Warrior Path: Service

There are several virtues that people think of in the context of the Warrior’s Path. These include strength, courage, and determination. To me, perhaps one of the most important core virtues is to be of service.
          What does it mean to be of service? In a general context and in its basic form, I believe it means to use one’s skills or hard-earned wisdom to aid others. This is accomplished in several ways- mostly by guiding and teaching, or placing the needs and well being of others in the forefront. Often, this translates as putting oneself at risk to protect others. A few good examples are found in contemporary society- soldiers, firefighters, police officers (in fact, many police vehicles are emblazoned with the motto “to protect and to serve”). In the times we find ourselves in now, I also consider health care workers, delivery drivers, truck drivers, even grocery store workers to be in this category- giving of themselves, even putting themselves at risk, to aid others .

We are all familiar with the typical , modern archetypes of service that many people think of in the Warrior context. History and literature provide us with figures that have helped shape our perceptions of this type of service. The most prevalent is of course the Knight, sworn and oath-bound to defend King, land, and hearth. The Samurai of feudal Japan is another example, swearing loyalty to his Shogun, his sword and deep code of honor binding him in service. Students of the Celtic civilizations are of course familiar with the ancient Fianna of Irish legends, wandering bands of warrior-heroes defending the land and its folk.

            These are only one aspect of service on the Warrior’s Path. There are other examples of those who serve by giving of themselves. These include the teacher, the mentor, the aforementioned health care worker. They too give of themselves, using their knowledge, wisdom, and passion to guide and teach, or to even save lives. I would consider their efforts and their contributions no less heroic than those of our wandering free companies of warriors!

            There is another aspect of service that is often overlooked. When you give of yourself, a symbiosis occurs (this brings to mind the Irish Fianna, most of the year they were required to live off of the land, in essence becoming integrated with it. As they protected the land, so did it nourish them). As those you serve gain benefit from your knowledge, or are protected by your skills, you receive something in return- a sense of purpose. To use myself as an example, as I teach martial arts and all of the integral dynamics involved, I too gain strength and understanding as I share my knowledge, skills, and experience. As I give of myself, I receive positive energy in return, knowing that I am fulfilling my purpose along my path.
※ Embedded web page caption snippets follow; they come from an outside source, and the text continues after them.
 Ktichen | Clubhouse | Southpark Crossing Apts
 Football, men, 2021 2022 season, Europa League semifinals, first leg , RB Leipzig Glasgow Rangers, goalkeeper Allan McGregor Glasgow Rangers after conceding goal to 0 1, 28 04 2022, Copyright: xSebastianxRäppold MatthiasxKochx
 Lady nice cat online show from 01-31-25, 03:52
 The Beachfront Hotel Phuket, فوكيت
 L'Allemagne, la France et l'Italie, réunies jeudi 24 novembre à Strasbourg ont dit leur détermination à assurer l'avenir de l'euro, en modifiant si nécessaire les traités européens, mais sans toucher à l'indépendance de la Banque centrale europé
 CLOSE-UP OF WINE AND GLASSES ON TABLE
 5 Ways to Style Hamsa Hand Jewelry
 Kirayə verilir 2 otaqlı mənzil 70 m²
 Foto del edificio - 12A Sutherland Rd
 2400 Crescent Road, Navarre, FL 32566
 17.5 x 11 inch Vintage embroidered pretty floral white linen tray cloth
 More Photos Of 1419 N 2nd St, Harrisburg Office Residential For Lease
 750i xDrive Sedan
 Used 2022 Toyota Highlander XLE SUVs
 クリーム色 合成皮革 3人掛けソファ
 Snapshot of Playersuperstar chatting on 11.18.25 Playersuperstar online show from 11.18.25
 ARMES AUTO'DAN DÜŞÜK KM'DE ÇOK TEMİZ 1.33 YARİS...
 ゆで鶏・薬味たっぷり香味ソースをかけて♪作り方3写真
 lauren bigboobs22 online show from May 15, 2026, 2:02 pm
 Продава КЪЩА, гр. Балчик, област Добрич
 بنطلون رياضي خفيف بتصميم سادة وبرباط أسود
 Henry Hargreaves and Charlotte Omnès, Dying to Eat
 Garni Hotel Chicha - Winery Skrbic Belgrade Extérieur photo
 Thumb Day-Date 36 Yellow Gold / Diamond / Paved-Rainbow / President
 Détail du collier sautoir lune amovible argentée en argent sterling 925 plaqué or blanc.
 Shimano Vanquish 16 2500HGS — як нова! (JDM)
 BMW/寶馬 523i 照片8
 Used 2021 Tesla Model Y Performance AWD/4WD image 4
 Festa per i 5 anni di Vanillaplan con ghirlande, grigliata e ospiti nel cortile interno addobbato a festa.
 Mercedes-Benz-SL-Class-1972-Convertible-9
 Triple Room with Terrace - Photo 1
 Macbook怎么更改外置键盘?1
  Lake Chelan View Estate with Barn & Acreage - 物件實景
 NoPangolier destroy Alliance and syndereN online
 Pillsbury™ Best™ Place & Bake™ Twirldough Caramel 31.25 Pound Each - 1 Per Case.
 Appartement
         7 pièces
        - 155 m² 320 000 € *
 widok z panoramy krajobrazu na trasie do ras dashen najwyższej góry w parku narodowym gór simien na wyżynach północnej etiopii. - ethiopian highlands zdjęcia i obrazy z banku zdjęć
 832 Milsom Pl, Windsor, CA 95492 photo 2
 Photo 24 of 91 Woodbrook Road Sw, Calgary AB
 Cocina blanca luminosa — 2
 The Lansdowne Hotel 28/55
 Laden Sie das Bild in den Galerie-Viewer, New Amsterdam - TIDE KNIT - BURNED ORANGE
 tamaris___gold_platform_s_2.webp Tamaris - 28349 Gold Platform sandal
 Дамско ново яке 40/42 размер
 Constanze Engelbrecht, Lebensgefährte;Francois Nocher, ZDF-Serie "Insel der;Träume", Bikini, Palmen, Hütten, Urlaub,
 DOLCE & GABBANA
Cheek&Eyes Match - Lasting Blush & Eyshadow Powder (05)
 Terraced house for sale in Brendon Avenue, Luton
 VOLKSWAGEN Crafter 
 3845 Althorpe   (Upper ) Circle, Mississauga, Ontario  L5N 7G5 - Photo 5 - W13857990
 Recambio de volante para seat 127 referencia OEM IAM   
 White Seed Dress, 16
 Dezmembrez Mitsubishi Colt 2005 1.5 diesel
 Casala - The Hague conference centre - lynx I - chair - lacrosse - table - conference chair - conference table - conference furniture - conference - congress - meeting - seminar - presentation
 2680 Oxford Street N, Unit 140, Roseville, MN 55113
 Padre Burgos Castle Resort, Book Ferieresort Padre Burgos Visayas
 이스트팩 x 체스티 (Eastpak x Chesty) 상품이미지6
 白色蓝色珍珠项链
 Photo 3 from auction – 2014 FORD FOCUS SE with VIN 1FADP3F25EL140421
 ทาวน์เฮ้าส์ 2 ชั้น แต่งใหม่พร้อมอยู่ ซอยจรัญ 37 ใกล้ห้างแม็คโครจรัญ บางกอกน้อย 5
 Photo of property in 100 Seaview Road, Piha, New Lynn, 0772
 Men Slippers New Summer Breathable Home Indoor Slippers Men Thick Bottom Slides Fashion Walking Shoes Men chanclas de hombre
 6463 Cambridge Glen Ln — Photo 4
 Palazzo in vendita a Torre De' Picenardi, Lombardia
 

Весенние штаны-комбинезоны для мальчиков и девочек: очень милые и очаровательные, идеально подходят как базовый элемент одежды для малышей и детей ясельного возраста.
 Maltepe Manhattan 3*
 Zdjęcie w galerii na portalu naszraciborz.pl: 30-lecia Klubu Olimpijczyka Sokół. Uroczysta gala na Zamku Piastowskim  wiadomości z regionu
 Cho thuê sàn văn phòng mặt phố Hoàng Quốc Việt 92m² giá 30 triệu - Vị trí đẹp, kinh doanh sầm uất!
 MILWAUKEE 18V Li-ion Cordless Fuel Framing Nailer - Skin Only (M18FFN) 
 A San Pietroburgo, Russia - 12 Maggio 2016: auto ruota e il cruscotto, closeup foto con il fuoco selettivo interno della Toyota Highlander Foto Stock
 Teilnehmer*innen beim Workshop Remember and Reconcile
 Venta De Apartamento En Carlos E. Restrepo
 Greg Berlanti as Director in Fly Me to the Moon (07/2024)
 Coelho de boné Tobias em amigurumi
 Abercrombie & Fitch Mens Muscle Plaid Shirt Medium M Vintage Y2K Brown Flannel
The more I serve with understanding and humility, the more I grow internally. Even if you serve simply for the love of helping others, you are open to receive positive intentions in return (whether you are conscious of it or not).

All must be in a balance for us to truly understand what it means to serve. Yes, there are times when Warriors must wield the sword. At these times we must engage with full intent and purpose, acting without hesitation; with courage and tenacity.

            But, to be of service transcends wielding the sword, it also means holding out your open hand with mercy. The strong arm must be balanced with a truthful heart. That is the ‘fortress’ from which we best serve.

                     The single clenched fist lifted and ready,
                    Or the open hand held out and waiting.
                     For we meet by one or the other”.          –Carl Sandberg

One thought on “Warrior Path: Service”

  1. Ni Hao,
    Service to others and to humanity as a whole appears to run through the core of various spiritual paths around the world.
    In the Hindu tradition, the path of service is called the path of karma which leads to realization or enlightenment. At times not an easy path to travel but is rewarding when done wholeheartedly, with humility and without expectations of self satisfaction.

    Enjoyed your article. “A sense of purpose”….gives meaning to life. Uplifting and timely. Thank you!